Под конец отдыха пришло письмо от Саймона – он сообщал, что едет в Сент-Джо с подружкой и ему везет с погодой. Когда белый пароход причаливал к пристани, я уже был там. От дождей цвета – зеленый и голубой – выглядели свежее и ярче, а холод отступил. С лиц спускавшихся на берег людей еще не сошла городская усталость, они лишь слегка посвежели после четырехчасового пребывания на воде. Семейства, одинокие мужчины, работающие девушки – обычно вдвоем – несли пляжные принадлежности и летнюю одежду; у некоторых этот груз был невелик, но тем не менее присутствовал. Среди пассажиров имелись здоровые люди и инвалиды – с рождения или в результате несчастного случая. Тяжело ступая, они спускались с парохода, проходили по трапу над кромкой воды и оказывались на залитой солнцем мирной лужайке; ослепительные лучи освещали полные робкой надежды счастливые лица, платья, волосы, брови, соломенные шляпки, груди, мечтающие исторгнуть нервное напряжение и наконец вздохнуть в полную силу; свет озарял вещи, столь же древние, как античные города, и даже еще старше; желания и отказ от них вынашивались в чревах, плечах, ногах со времен Эдема и грехопадения.

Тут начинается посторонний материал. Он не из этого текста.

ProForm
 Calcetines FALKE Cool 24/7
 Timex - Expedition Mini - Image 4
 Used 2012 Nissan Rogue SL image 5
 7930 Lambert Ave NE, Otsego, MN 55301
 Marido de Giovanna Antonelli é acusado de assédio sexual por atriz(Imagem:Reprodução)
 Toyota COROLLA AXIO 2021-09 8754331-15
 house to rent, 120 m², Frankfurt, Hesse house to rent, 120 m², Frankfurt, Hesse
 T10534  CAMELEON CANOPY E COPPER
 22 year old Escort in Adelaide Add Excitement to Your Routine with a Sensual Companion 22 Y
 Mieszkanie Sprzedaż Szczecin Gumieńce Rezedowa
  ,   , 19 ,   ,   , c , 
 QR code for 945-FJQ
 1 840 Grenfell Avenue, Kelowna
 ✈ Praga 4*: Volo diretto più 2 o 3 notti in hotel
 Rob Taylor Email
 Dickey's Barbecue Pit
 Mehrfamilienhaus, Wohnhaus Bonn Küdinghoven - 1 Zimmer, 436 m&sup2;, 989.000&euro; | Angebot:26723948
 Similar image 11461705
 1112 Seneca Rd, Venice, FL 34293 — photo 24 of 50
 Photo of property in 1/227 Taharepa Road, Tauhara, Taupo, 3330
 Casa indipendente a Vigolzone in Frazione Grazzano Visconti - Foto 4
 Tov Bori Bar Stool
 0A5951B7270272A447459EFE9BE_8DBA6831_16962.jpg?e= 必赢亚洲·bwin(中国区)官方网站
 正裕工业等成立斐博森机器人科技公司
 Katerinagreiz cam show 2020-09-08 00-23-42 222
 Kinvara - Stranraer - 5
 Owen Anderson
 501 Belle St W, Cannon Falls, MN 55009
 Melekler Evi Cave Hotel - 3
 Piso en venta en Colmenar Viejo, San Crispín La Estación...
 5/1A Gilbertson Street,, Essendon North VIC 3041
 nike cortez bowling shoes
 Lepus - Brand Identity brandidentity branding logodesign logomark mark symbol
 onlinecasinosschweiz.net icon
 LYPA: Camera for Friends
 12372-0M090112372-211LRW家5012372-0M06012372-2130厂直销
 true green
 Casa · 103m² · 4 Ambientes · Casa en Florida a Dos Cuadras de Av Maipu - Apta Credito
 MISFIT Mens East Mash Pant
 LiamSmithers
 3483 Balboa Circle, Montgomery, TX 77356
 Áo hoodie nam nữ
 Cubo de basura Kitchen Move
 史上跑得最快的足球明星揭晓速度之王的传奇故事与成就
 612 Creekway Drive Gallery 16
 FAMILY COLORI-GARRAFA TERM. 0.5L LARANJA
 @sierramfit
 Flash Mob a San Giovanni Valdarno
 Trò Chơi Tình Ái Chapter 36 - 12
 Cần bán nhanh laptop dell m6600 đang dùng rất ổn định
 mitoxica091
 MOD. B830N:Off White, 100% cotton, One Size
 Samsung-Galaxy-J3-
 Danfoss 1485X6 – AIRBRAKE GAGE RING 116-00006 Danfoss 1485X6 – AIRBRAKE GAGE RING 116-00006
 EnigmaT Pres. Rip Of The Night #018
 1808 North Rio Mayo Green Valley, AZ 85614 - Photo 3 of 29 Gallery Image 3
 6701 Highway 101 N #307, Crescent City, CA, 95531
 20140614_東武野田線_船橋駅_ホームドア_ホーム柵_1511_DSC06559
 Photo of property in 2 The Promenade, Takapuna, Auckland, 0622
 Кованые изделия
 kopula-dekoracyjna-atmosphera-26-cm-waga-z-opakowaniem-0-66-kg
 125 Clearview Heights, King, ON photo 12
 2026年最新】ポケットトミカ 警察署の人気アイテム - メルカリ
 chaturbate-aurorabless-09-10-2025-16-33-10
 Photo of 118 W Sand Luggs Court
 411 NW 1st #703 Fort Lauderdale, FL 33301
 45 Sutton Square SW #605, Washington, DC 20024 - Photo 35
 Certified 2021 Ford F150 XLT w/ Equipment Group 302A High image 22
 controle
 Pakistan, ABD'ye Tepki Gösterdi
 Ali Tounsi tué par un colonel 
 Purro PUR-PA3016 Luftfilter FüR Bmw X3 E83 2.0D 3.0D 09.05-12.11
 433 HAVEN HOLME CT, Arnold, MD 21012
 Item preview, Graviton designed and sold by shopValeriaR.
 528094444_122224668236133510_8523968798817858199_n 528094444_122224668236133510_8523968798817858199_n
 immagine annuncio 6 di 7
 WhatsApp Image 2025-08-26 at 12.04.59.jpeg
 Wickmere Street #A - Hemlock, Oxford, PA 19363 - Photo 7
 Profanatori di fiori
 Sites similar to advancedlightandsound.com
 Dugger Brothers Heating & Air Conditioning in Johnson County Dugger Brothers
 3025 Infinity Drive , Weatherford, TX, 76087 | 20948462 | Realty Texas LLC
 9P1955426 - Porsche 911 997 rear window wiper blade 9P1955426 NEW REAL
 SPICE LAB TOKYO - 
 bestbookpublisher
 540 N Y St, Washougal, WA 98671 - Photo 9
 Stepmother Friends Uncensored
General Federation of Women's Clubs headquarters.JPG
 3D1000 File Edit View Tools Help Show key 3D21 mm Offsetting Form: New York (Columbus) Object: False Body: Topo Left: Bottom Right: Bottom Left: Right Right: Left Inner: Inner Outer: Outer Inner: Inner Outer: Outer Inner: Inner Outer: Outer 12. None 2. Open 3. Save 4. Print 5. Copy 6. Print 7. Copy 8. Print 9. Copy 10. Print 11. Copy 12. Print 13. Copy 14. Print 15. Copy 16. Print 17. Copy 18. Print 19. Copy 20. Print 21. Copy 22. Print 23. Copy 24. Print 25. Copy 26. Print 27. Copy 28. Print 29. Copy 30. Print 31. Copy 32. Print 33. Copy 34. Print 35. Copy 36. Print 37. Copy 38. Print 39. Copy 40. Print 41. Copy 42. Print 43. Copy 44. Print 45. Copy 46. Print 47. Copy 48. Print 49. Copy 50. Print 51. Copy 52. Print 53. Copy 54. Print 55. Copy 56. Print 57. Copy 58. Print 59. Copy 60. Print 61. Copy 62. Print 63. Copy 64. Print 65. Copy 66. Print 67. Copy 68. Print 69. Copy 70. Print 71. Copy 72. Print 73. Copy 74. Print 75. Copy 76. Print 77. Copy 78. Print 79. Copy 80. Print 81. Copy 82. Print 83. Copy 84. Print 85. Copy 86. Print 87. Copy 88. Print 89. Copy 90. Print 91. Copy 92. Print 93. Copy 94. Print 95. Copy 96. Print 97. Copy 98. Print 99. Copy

Над толпой возвышался мой белокурый и загорелый, похожий на немца брат. Одет он был как спортсмен в день Четвертого июля или разряженный цыган и улыбался щербатым ртом без переднего зуба; двубортный клетчатый пиджак расстегнут, пальцы сжимают ручки чемоданов. Его красота таилась в огоньках голубых глаз, овале щек, в мощной, чувственной шее. Он неуклюже ступал по трапу в туфлях с острыми носами – руки напряжены от веса чемоданов, глаза ищут меня в тени причала. Никогда не выглядел он так хорошо, как в тот день, в солнечном свете, среди толпы, в своей яркой, праздничной одежде. Когда он обнял меня, я радостно ощутил его тело; мы улыбались, гримасничали, хватали друг друга за щеки, чувствуя под пальцами щетину, не в силах разжать объятия.

– Привет, старик!

– Привет, мешок с деньгами!

В этих словах не было желания уязвить, хотя, когда я превзошел его в заработках и чуть ли не купался в роскоши, он стал обращаться со мной с большим уважением.

– Как там дела? Как Мама?

– Сам знаешь… глаза. А так – ничего.

И тут он подтолкнул вперед свою девушку – крупную, темноволосую, по имени Сисси Флекснер. Я помнил ее еще со школы, она жила по соседству. Ее отец, пока не разорился, владел магазином одежды, продавал рабочие комбинезоны, прочные перчатки, теплое белье, галоши и все в таком роде; этот тучный, застенчивый, бледный, молчаливый человек был с головой погружен в заботы о собственном деле. Его дочь отличала своеобразная красота – высокая, крупные, но изящные ноги, крутые бедра; большой рот почти совершенной формы, глаза с тяжелыми веками, восхитительными в их сонной эротичности. Ей приходилось слегка прикрывать их, чтобы дарованное природой богатство не слишком бросалось в глаза, – высокая грудь, округлость бедер и прочие достоинства, нежные и гладкие; такое изобилие может повергнуть в изумление юную девушку, вдруг его обретшую. Сисси смотрела неодобрительно – слишком уж я пялился на нее, но кто бы осудил меня за это? Извиняло меня и то, что она могла вскорости стать моей невесткой: Саймон явно влюблен по уши. Он и так уже вел себя как муж; они висли друг на друге, целовались и миловались, бродя в сиянии воздушной и водной стихий, пока я плавал неподалеку в озере. А выйдя на пляж, Саймон, растерев рельефную волосатую грудь, вытирал ее спину, покрывая поцелуями, отчего я испытывал мгновенную боль в нёбе, будто сам вдыхал теплый аромат и ощущал нежную поверхность кожи. Сколько блеска она излучала, как роскошна была! Словно королевская шлюха.